O pronome de interesse (por Caetano Cambambe)
As mães angolanas, sempre que desejam orientar ou ordenar algo com o sentido de se fazer cumprir obrigatoriamente e rápido, fazem questão de se servir de algumas frases tipicamente locais.
É muito comum, na sociedade angolana, ouvirmos frases em que o ME não assume qualquer função sintáctica.
Não há, em Angola, alguém que tenha crescido sem, no entanto, estiver diante de casos similares. Se não passou, talvez seja porque a mãe ou, em outras instâncias, o pai não é de nacionalidade angolana. Assim é possível, e ainda nos dias de hoje, ouvirmos as seguintes frases:
- João, vai lavar-ME já a loiça/louça.
- Joana, limpa-ME já o chão.
- Vai-ME buscar o prato.
- Muda-ME já essa roupa.
- Cala-ME já essa boca.
- Vai-ME tomar já banho.
- Desliga-ME já a lâmpada.
- Vai-ME dormir já (aqui não está a querer dizer que o filho é quem vai dormir a mãe [rsrsrsrs]).
- Limpa-ME já essa lágrima (não é o filho quem vai limpar a lágrima na/da mãe).

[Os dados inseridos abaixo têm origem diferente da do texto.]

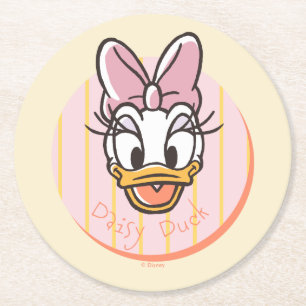 Sweet and Sunny Daisy Duck Portrait Round Paper Coaster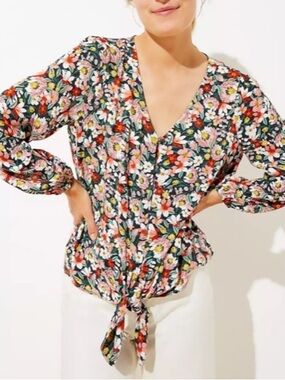 LOFT | Floral Tie Blouse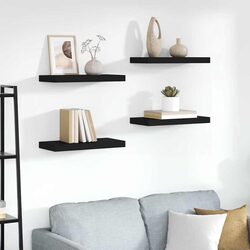 Wall Shelves Set 4 pcs Black Floating Display Shelves Modern Home Storage
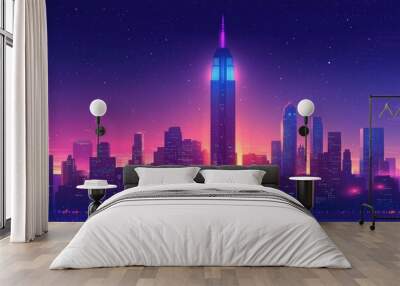 Neon city skyline illustration featuring tall skyscrapers against a vibrant night sky in  art style Wall mural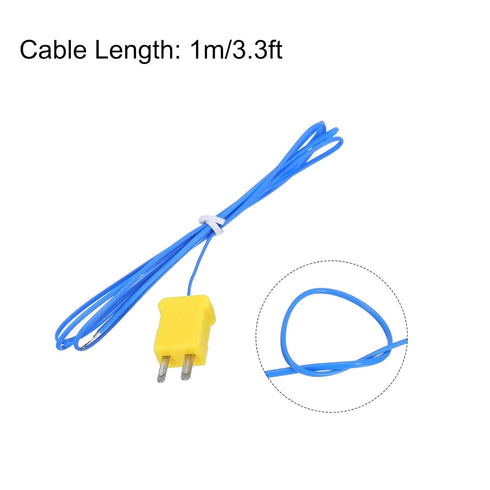 MECCANIXITY 5pcs K Type Thermocouple Mini Connector Temperature Sensor Probes PTFE 3.3ft -50 to 260°C(-58 to 500°F), Blue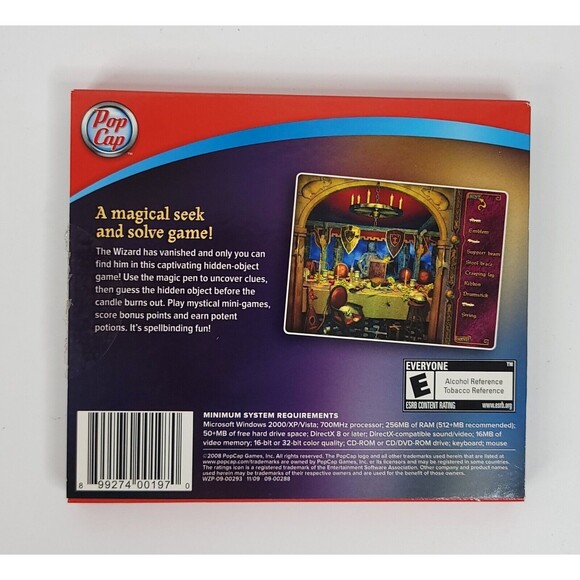 The Wizard's Pen (PC CD-ROM, 2008, Pop Cap, Spellbinding Hidden-Object Fun!) - Picture 3 of 3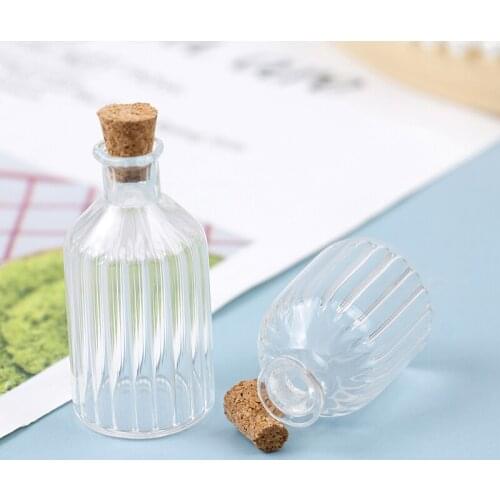 1Pc 1:12 Dollhouse Miniature Stripe Glass Bottle Cork Cover Tiny Jar Vials Model Doll Toy Dollhouse Accessories
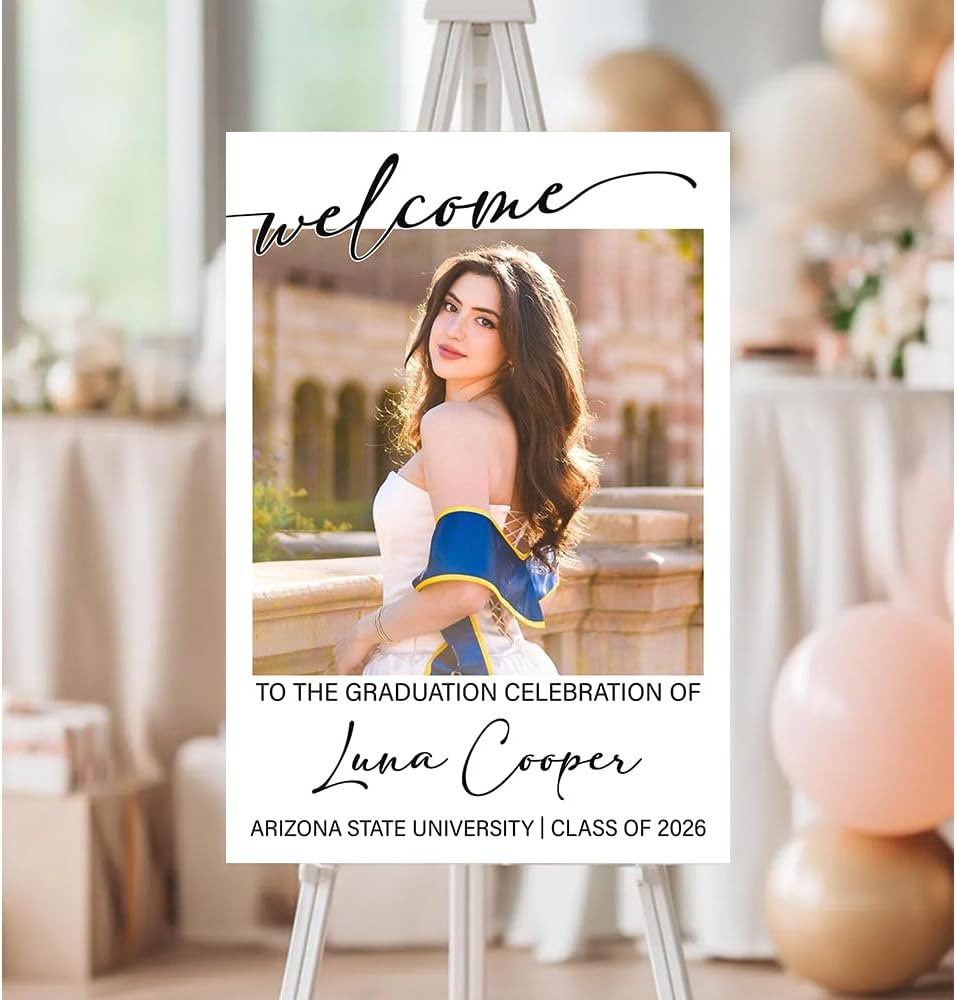 Graduation Party Welcome Sign, Custom Photo Grad Party Sign, Personalized High School & College University Grad Decoration #4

- Faça-ME já a tarefa (não é o filho quem vai fazer a tarefa da mãe).
- Vai-ME já p'ra escola.
- Olha-ME para lá.
De acordo com Cunha et Cintra (1985, págs. 218-219), trata-se, acima, de um pronome de interesse. Esse pronome, por sua vez, não assume função sintáctica alguma. É, segundo ainda eles, ‘’um recurso expressivo de que se serve a pessoa que fala para mostrar que está vivamente interessada no cumprimento da ordem emitida ou da exortação feita‘’.
Como se vê acima, ocorre exactamente o que acabamos de dizer anteriormente, em que se usa simples para se fazer sentir e cumprir a ordem emitida de quem se serve de frases como aquelas. É provável ouvirmos isso taxativamente em contextos informais, e pouco frequente no uso formal.
O ME, como pronome de interesse, é muito usado no português falado em Angola, caso particular de Malanje e Luanda.